And you know what? Good for the player. He probably got more money, or a better situation, or both.

This is the system, and if it has swung too far away from the university’s control, well then it had to, as so often happens when structures need to change, and college football needed to change. Not the game, not the competition on the field — that's never been better — but the way schools and coaches made money and players did not.

Now, has it led to a feeling of chaos? Has it made it harder to build teams? To develop cohesion and continuity?

Of course. But that’s just because it’s new, and no one is used to it. Except for the pros, where coaches and team builders routinely replace 30-40% of their rosters every year.

Dan Campbell has built a pretty good culture with the Detroit Lions, don’t you think? It’s a good bet culture won’t tank when the front office lets good players walk, as it will certainly have to do the next few seasons.
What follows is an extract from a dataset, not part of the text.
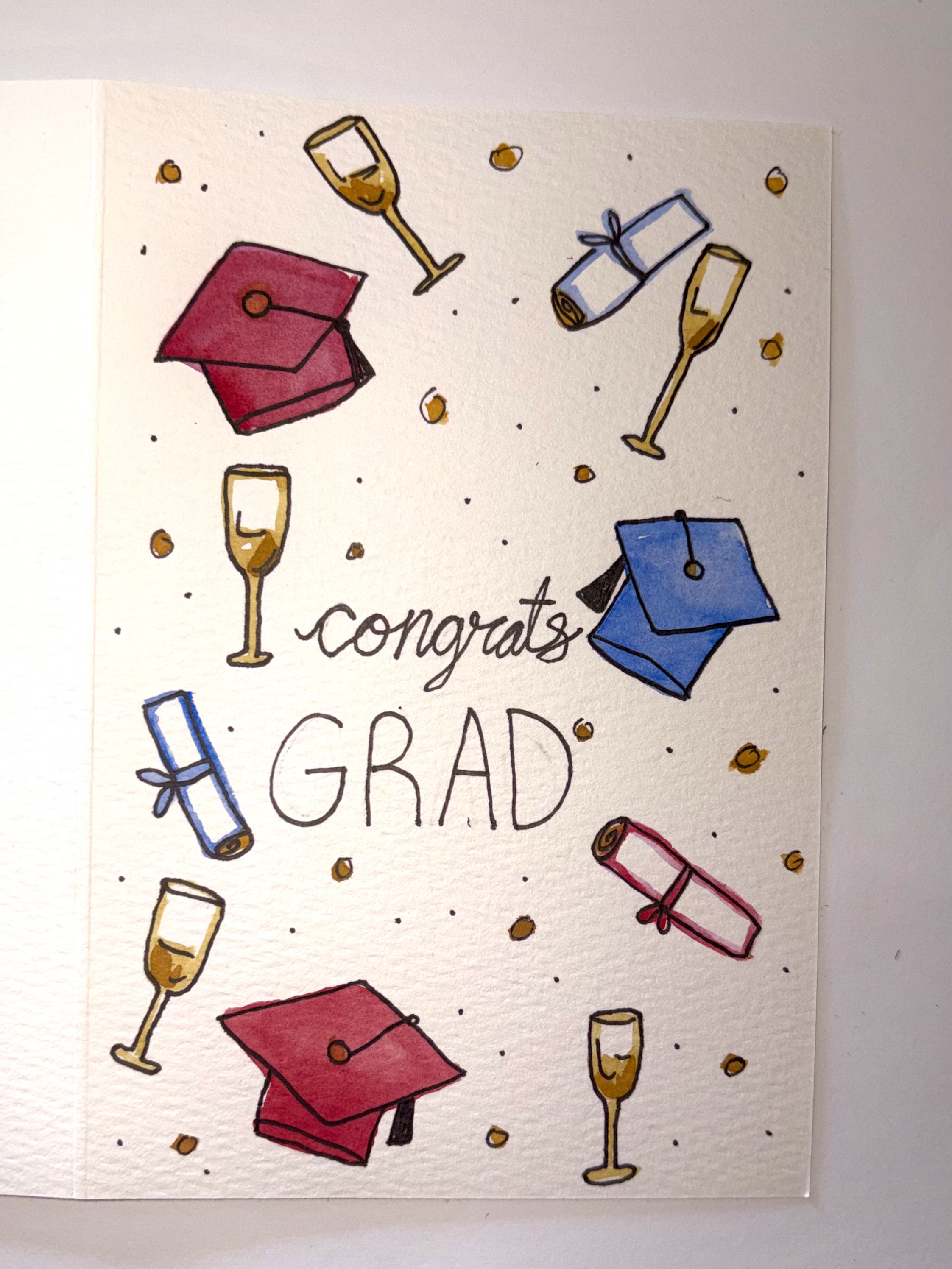Graduation card with watercolor caps, diplomas and champagne glasses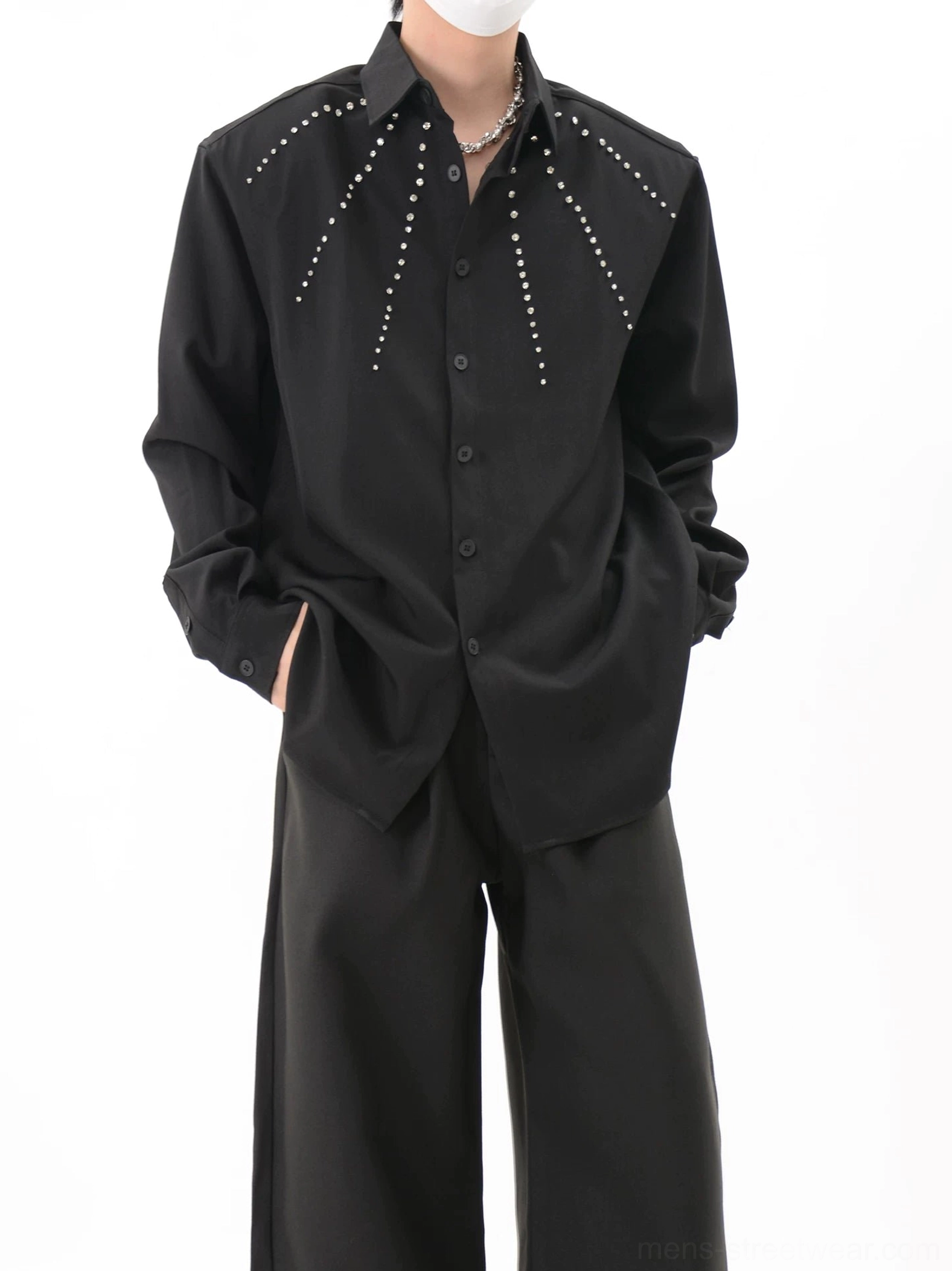 Black studded long-sleeve overshirt styled with a silver necklace and black wide-leg trousers in a full-body streetwear outfit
College coaches and athletic departments are just going to have to adapt. And they will. And they already have — to a degree.

Either that or leave, as Nick Saban recently did, and then question the pay-for-play aspect of the enterprise on the way out, as if it hadn’t been that way for decades.

“You’re going to create a caste system where the rich will get richer and the poor get poorer,” he said at a Congressional hearing in March. “... eventually the fans will look at it like, ‘I really don’t want to watch the game.’”

Saban is right about one thing: fans do tune out after a while when the same teams keep competing, especially if those teams are from more or less the same place ... like Alabama and Georgia, say.

Yet that was happening before NIL, because a few programs stockpiled talent by (cough, cough) convincing their programs would best prepare them for the world.

Michigan’s win over Alabama in the Rose Bowl was the most watched game since 2017, and the Wolverines victory over Washington in the national title game was the most watched CFP final in four years.

Stories matter. But also brands matter, and competition matters, and stars matter, and while some stars change teams, if those stars stay in college football, then college football isn’t going anywhere.

Pay for play? Heck yes. This is how our system works. It should be pay for play. In theory, though, NIL can spread the wealth a little more, at least beyond the few teams that were hoarding the best players for a decade.

Yes, it’s still random. If a school has a particularly wealthy alum who happens to love football, that can turn a program. But then that happened before NIL, too. Oregon, anyone?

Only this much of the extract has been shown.